_WHAT THE TASK ASKS:_
The needed output is the run of lines below from the one containing "Faruri LED compatibil" through the one containing "Women's Blouse Trendyol", copied exactly and free of pictures.

_MATERIAL SUPPLIED:_
§ §
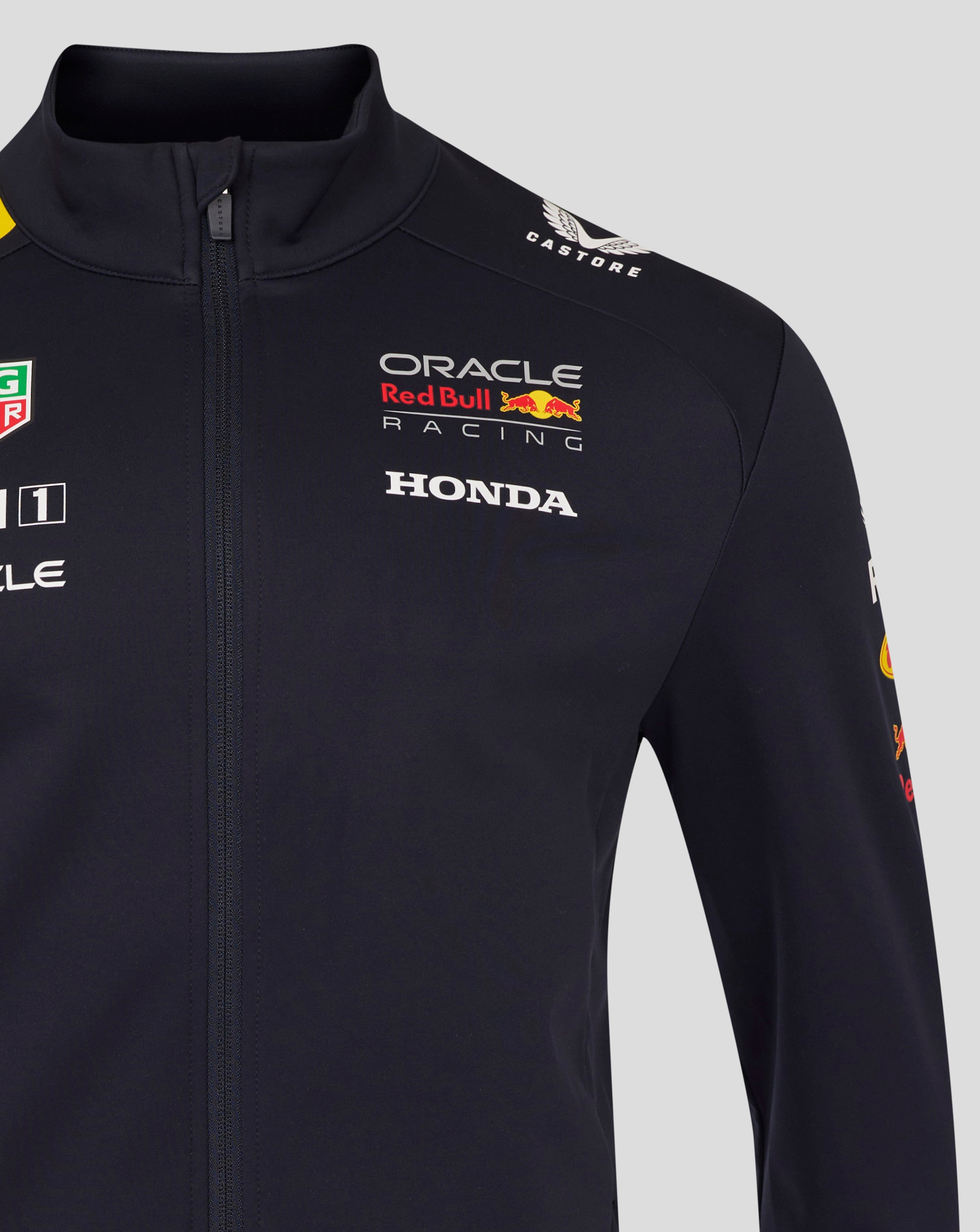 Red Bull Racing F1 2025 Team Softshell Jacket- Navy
§ §
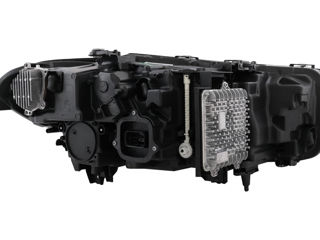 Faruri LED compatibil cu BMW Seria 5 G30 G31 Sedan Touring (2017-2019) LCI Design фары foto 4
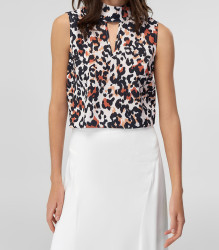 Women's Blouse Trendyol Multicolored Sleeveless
§ §
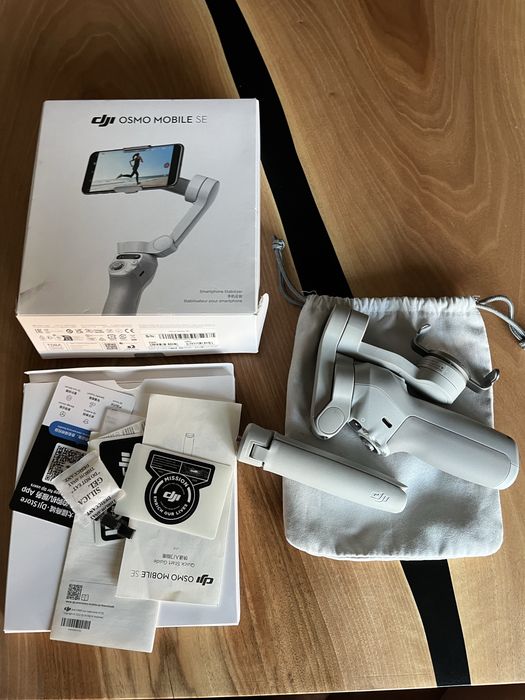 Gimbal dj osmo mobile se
§ §
_SOLUTION FOR THIS TASK:_
 Faruri LED compatibil cu BMW Seria 5 G30 G31 Sedan Touring (2017-2019) LCI Design фары foto 4
 Women's Blouse Trendyol Multicolored Sleeveless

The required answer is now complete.